* [Records from a data collection]
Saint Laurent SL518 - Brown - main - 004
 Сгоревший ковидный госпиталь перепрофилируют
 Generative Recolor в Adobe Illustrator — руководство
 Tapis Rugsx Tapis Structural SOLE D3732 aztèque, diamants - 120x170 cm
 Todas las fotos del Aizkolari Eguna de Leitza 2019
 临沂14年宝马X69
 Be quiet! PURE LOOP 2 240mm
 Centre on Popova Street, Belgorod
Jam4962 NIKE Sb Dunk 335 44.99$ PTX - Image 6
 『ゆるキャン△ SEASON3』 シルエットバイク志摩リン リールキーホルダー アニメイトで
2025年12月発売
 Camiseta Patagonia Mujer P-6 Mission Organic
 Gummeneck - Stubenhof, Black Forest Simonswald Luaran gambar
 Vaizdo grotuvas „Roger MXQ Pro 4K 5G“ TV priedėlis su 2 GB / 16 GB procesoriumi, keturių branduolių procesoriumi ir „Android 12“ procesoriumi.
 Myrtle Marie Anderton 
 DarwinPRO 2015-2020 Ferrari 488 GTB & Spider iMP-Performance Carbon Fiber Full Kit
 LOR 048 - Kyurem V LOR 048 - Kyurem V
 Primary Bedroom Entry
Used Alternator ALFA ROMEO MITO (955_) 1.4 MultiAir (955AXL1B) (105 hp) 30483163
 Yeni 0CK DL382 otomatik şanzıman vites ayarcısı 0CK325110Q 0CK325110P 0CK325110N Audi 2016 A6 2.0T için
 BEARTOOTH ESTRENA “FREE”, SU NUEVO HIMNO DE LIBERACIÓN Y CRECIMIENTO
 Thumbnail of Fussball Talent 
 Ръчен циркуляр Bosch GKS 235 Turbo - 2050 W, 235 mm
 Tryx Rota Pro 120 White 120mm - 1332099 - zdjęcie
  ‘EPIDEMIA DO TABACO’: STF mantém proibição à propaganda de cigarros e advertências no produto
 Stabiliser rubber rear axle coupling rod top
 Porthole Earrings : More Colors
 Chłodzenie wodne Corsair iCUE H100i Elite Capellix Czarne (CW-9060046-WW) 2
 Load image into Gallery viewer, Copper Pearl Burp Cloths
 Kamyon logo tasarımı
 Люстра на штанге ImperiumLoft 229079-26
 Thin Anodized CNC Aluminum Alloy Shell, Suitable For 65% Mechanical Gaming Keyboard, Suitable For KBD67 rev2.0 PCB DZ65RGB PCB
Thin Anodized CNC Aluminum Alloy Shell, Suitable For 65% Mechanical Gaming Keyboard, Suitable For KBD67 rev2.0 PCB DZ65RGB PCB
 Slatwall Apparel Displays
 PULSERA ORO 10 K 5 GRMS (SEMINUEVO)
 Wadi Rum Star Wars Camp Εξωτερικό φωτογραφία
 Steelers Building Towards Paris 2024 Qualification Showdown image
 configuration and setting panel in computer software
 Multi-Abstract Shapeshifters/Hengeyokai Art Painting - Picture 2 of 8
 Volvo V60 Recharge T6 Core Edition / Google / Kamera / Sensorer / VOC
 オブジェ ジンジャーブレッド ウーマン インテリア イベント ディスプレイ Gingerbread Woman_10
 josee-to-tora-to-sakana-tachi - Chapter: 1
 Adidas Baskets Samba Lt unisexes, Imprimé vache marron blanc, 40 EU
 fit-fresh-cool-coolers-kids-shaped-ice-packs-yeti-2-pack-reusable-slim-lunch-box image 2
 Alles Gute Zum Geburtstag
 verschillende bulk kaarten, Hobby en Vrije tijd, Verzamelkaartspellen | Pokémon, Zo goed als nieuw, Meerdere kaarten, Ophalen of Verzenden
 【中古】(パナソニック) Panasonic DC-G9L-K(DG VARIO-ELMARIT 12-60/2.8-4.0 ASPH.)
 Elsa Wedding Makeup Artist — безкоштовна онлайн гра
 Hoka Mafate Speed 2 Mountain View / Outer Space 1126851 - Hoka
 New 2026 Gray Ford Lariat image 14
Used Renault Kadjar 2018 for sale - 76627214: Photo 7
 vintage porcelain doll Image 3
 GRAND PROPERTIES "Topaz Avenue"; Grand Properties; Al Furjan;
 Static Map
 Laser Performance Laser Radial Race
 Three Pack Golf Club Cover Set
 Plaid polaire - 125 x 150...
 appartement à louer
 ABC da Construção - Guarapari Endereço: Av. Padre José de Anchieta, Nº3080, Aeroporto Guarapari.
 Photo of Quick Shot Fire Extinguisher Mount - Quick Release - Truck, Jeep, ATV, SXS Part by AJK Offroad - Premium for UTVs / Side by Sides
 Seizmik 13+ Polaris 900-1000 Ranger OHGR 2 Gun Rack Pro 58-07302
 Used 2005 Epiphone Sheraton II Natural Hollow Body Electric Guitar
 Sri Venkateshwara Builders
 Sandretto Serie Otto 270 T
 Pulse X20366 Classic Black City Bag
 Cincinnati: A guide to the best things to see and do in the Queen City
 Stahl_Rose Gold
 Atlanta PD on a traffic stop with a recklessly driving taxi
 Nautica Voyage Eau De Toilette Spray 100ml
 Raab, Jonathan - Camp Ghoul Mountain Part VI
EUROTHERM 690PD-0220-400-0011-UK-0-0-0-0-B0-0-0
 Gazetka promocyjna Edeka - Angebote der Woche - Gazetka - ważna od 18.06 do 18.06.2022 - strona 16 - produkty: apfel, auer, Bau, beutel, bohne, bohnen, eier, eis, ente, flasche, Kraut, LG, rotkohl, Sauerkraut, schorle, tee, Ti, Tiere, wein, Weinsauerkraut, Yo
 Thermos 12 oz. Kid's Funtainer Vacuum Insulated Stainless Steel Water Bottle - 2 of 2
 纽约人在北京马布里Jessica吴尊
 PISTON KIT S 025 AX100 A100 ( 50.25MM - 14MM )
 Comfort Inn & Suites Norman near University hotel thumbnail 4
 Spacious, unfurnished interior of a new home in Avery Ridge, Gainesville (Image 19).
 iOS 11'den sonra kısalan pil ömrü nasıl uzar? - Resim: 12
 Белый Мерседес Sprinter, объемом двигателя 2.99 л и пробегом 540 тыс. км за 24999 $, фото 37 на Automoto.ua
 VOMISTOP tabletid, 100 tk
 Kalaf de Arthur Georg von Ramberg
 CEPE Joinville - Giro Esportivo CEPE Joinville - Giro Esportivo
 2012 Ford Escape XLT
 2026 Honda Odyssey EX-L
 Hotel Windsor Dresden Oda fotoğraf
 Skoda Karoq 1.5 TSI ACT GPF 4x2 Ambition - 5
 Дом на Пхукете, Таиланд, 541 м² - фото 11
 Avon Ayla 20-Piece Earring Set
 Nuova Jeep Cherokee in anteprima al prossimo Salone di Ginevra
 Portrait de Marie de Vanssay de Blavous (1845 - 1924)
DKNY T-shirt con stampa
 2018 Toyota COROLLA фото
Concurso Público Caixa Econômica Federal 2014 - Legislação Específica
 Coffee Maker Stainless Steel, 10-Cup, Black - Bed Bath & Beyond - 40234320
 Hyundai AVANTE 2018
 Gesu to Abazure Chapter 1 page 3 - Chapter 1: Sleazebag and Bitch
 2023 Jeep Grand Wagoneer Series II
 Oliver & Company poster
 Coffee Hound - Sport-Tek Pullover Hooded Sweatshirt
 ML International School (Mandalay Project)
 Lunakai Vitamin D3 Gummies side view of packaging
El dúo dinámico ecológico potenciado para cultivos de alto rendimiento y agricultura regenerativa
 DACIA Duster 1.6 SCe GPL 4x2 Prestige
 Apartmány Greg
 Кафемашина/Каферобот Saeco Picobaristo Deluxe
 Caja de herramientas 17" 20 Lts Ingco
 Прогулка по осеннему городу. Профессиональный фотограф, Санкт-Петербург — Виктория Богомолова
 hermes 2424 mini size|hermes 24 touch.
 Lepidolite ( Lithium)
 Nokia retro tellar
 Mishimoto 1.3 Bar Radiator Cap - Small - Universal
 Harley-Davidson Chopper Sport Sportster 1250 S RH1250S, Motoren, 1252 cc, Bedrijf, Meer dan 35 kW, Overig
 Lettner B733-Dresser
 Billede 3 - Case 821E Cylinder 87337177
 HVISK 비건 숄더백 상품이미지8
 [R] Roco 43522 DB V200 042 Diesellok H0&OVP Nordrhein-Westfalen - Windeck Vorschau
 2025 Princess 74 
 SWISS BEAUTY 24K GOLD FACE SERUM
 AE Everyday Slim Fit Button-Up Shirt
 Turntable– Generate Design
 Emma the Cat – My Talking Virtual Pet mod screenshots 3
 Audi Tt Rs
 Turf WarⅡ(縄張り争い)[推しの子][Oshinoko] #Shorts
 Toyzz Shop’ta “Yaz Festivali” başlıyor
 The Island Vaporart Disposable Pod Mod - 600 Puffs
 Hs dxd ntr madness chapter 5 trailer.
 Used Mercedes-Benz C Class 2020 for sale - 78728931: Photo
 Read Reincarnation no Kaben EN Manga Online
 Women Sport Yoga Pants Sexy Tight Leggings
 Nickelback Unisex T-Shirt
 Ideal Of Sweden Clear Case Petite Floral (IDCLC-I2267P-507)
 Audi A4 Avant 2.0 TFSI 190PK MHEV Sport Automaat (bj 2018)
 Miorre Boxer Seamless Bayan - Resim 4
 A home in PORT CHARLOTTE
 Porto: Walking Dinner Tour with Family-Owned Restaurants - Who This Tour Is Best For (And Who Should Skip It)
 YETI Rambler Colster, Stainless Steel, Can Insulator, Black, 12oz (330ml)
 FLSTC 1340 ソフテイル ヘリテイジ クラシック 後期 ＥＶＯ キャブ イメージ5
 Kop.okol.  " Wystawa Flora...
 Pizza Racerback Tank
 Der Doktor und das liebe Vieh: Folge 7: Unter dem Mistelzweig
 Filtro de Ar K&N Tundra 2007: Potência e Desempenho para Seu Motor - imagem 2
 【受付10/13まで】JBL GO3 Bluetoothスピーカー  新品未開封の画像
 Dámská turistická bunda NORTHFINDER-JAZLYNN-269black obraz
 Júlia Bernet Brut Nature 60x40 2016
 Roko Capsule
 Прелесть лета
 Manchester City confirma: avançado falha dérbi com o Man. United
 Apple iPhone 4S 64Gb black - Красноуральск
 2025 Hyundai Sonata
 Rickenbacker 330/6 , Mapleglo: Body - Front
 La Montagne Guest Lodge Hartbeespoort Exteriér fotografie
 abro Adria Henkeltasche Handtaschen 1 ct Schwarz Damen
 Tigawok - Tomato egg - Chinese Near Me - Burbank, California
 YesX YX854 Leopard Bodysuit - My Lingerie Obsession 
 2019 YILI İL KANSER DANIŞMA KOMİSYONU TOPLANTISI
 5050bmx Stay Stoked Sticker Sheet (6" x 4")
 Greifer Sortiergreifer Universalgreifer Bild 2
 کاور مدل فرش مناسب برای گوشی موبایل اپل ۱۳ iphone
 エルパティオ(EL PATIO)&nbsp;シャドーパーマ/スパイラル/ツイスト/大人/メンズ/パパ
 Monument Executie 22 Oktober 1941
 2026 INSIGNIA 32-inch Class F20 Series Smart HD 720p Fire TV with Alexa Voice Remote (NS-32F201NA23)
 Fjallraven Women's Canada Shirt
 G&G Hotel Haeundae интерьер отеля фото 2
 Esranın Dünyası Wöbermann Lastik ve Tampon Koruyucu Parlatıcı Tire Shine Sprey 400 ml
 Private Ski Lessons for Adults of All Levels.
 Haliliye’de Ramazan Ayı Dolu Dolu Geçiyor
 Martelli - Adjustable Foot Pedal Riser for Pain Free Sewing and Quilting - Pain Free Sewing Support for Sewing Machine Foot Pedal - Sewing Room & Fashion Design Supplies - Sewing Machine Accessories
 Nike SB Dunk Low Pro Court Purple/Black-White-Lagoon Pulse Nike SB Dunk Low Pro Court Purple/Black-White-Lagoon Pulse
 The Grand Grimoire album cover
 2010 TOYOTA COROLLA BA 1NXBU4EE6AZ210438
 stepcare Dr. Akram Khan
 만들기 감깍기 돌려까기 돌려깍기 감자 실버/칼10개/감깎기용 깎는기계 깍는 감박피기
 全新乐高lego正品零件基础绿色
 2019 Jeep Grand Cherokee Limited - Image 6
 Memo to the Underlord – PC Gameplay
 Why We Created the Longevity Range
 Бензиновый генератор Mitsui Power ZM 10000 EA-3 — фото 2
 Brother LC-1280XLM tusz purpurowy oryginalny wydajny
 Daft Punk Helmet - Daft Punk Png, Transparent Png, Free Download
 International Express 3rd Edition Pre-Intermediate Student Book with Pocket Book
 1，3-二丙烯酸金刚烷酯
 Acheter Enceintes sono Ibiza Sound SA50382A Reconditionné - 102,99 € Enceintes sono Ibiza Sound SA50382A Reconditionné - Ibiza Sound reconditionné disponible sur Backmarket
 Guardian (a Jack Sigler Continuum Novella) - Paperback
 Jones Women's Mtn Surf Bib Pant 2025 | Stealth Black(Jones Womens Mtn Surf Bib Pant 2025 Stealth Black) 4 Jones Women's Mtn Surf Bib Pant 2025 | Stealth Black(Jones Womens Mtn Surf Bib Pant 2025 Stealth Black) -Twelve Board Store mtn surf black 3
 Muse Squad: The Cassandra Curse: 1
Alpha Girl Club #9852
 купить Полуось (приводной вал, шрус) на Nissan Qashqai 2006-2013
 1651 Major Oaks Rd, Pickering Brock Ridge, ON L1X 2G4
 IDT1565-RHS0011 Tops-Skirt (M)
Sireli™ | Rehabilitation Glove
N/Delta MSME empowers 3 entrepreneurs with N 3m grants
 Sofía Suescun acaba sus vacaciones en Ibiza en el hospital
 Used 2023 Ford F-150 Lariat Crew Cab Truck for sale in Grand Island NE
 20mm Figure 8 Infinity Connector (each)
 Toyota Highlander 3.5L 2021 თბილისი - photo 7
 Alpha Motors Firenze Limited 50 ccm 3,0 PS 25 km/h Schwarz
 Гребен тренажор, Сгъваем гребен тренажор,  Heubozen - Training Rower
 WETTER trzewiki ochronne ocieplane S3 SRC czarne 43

* [Aim of the task] Exactly as written, please transcribe the lines from the start of the records above to the line that holds "Gummeneck - Stubenhof, Black", both ends included.

* [Completed task]
Saint Laurent SL518 - Brown - main - 004
 Сгоревший ковидный госпиталь перепрофилируют
 Generative Recolor в Adobe Illustrator — руководство
 Tapis Rugsx Tapis Structural SOLE D3732 aztèque, diamants - 120x170 cm
 Todas las fotos del Aizkolari Eguna de Leitza 2019
 临沂14年宝马X69
 Be quiet! PURE LOOP 2 240mm
 Centre on Popova Street, Belgorod
Jam4962 NIKE Sb Dunk 335 44.99$ PTX - Image 6
 『ゆるキャン△ SEASON3』 シルエットバイク志摩リン リールキーホルダー アニメイトで
2025年12月発売
 Camiseta Patagonia Mujer P-6 Mission Organic
 Gummeneck - Stubenhof, Black Forest Simonswald Luaran gambar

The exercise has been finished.